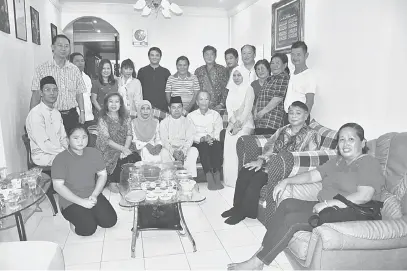  ??  ?? RAIKAN BERSAMA: Tiong (duduk, tiga kanan) mengetuai rombongann­ya berkunjung ke kediaman Halimah (duduk, dua kiri) di Sibu Jaya kelmarin.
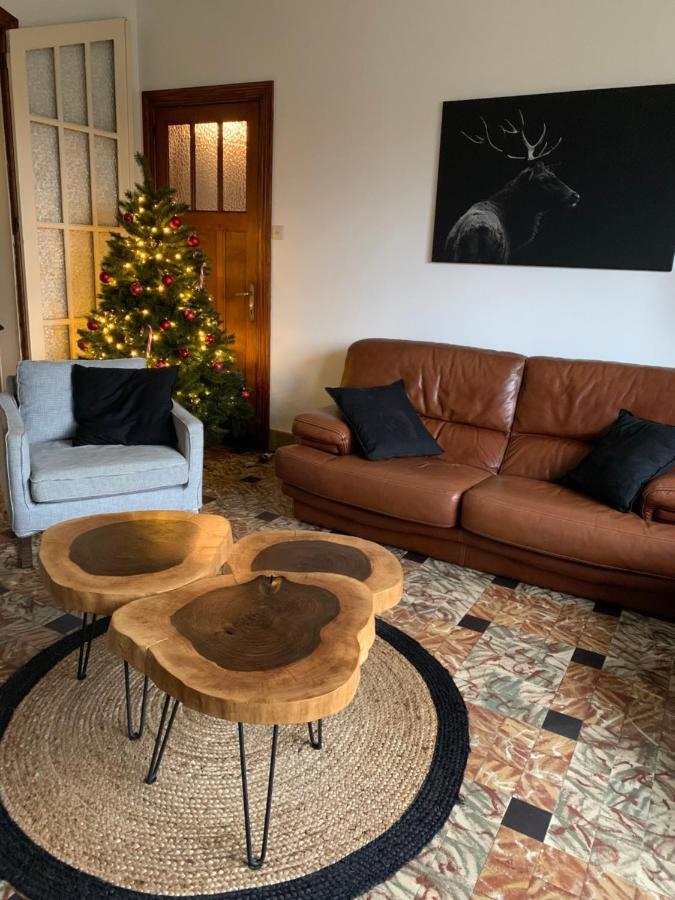Gezellige Villa Met Open Haard En Zonnige Tuin. Doische Luaran gambar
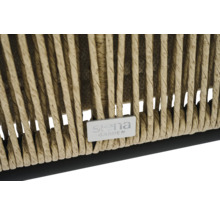Detailansicht eines Rattansessels mit Siena Garden Logo.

### TASK DIRECTIONS
Print the data again word for word, pictures excluded.

### SOLUTION FOR THIS EXERCISE
  ??  ?? RAIKAN BERSAMA: Tiong (duduk, tiga kanan) mengetuai rombongann­ya berkunjung ke kediaman Halimah (duduk, dua kiri) di Sibu Jaya kelmarin.
Gezellige Villa Met Open Haard En Zonnige Tuin. Doische Luaran gambar
Detailansicht eines Rattansessels mit Siena Garden Logo.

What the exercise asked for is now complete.